# New microwave and backsplash help



## Joe442 (Aug 30, 2012)

I am putting a new microwave over my stove and putting up a tile backsplash. What is normal. To have a tile backsplash behind or up to the microwave?

The tile I want to get is the glass mosaic ones and each piece of glass is 1 inch by 1/2 inch. I'm afraid that I wont be able to drill for the bottom bracket for the microwave because the tiles are so small.

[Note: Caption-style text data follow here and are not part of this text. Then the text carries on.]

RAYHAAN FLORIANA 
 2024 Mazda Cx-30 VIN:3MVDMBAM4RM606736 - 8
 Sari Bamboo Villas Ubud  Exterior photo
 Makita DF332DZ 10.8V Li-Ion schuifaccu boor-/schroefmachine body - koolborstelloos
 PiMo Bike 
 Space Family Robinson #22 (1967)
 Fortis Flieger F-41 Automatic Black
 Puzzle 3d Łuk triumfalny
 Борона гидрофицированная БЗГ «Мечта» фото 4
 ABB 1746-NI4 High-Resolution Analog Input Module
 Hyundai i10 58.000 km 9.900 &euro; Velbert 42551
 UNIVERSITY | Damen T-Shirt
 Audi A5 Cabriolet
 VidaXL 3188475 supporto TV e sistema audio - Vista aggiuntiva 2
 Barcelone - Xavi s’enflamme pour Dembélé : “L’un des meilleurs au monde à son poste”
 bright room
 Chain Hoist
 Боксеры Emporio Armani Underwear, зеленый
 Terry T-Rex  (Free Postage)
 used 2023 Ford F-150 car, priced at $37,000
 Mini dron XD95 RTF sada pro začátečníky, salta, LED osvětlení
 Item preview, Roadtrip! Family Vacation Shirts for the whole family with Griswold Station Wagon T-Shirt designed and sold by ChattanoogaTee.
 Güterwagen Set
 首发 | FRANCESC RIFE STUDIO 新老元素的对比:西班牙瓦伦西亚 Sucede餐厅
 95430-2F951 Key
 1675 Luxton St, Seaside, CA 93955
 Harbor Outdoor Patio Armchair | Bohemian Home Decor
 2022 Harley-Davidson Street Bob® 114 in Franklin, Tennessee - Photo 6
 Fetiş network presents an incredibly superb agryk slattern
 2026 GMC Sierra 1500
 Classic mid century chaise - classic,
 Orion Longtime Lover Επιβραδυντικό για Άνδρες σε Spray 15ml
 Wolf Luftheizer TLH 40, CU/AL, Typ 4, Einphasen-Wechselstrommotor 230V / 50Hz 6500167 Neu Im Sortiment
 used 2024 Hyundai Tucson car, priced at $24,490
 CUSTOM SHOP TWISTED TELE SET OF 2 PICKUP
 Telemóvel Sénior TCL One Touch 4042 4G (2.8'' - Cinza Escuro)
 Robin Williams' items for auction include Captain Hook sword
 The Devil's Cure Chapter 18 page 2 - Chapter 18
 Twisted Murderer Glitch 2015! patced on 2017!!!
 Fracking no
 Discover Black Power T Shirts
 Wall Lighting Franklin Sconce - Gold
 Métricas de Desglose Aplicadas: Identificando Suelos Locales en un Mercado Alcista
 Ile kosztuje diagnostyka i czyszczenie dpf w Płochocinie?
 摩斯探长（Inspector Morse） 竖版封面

If it is more normal to have the backsplash go up behind the mw. I will look into getting bigger tiles. 

Thanks for any info.


----------



## hardwareman (Oct 9, 2010)

best to hang the micro on the wall then tile up to the bottom


----------



## hammerlane (Oct 6, 2011)

hardwareman said:


> best to hang the micro on the wall then tile up to the bottom


 
If you go this route have xtra tile sheets on hand for when you need to replace microwave. The sizes may be different for old vs new


----------



## Joe442 (Aug 30, 2012)

Thanks 

MW went up and ready to do backsplash.


----------



## shadytrake (Jul 8, 2012)

We did what hardwareman told you. Plus it makes it easier to mark the stud lines on the wall instead of the tile... We haven't quite finished our backsplash yet, but you can see what I mean about the stud lines from my project link. It is either on the last or 2nd to last page.


----------